Oh Stella. You know, I don’t have issues with Stella McCartney per se. She can’t help that she was born into a mega-wealthy British pop dynasty and had I been hell yeah I would trade on my name and any family connections if I could. And big ups to her for deciding on a career in fashion design and going to University and studying her arse off and throwing herself into it with oodles of passion and creativity rather than spanking her trust fund on drugs. I LOVED the clothes she did when she was at Chloé and owned, until I sat on them, one of the pair of coolest shades ever- designed by Ms. McCartney’s own fair hand.
She knows how to put together an original and entertaining fashion show and I loved the dinner turned catwalk show idea she had for her long-awaited return to London fashion week. It’s just… My problem with Stella is when she opens her mouth and starts yapping about her personal life to journalists in much the same, condescending I’m better than you manner that BFF Gwyneth Paltrow does. Both women come off as smug, to the point where you want to grab a cold wet fish and slap them repeatedly around their macrobiotic food stuffed cheeks with it.
The 40-year-old told The Sunday Times Style magazine: ’I have a housekeeper, and a nanny, though I find that word jarring. I tell her, “I just want to call you a friend”.’
Is your skin crawling yet? F-CK OFF Stella. By trying so hard not to refer to the hired help as exactly that she may as well have announced: ‘I have below stairs staff but we do allow them to make eye contact, we’re really modern that way and right-on, so don’t judge me!’. Wasn’t the word ‘nanny’ coined to make ‘governess’ sound what it is- an essential, for some, much-loved part of the family? Are we supposed to believe that the
nanny paid friend sits around laughing at Madge’s latest face-lift and lack of husband over vino with Stella and Gwyneth?

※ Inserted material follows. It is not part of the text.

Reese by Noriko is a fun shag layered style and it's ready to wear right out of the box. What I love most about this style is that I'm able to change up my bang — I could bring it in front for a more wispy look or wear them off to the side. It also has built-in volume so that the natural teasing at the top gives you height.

Which brings me to the last time Stella discussed being a working mother where she described herself as ’a three cooked-meals-a-day mum’ on weekends. Why feel the need to even say that? Women who regularly cook their children’s meals never mention it. It’s as relevant as announcing: ‘I brush my hair in the morning’ or ‘I shower every day’. Are we supposed to be impressed that she chops a few vegetables up, then cooks and serves them to her family two days a week?
Stella is married to publisher Alasdhair Willis with whom she has four children – sons Miller, seven, and Beckett, four, and daughters Bailey, five, and Riley, who will be two this year.
She obviously suffers with parental guilt for working and being a mum with her huge family fortune and her husband’s money to hand, but she absolutely shouldn’t. I suppose it’s working class guilt by proxy from her father who insisted on sending his children to state schools even though they were probably teased for being rich kids because of who their dad happened to be. It’s totally Stella’s right to work and have a career and be a mum if it makes her happy and fulfilled. By justifying working at every given turn she seems somehow like she feels she shouldn’t be. But some women don’t have the time or the economic luxury of even being able to diary in time to feel this guilt.
Woe and betide you if you happen to be a single mum, who can’t afford a nanny, starting a business, because like Gwyneth so often does, Stella has advice for you, you poor doomed soul: ’If you want to do anything in life, get a good husband.
‘Forget being a successful businesswoman, just get a good husband! It probably helps with everything.’
Forget the husband- Why not just admit that behind every good woman is an even better child-carer? Stella talked at length about her day as a working mum for SuperGoop’s newsletter back in November 2010. Heavily pregnant with her fourth child, she pointedly talked about the nanny leaving at 6.30pm and how her husband was away working (a rarity) she said, but then mentioned later that once the kids were in bed she met Gwyneth for dinner failing to mention whoever was looking after them once they were tucked up in the land of nod. By being embarrassed about the nannies, the cooks, and the cleaners and trying to brush their valuable input into the household under the carpet in interviews, Stella comes across as saying: ’I have a housekeeper, and a nanny, though I find that word jarring. I tell them, “I just want to call you a servant and never discuss your existence ever again”. Ah the irony of it and no, Stella, don’t get paranoid I’m not talking about the Philippino lady upstairs pressing your kids’ sheets.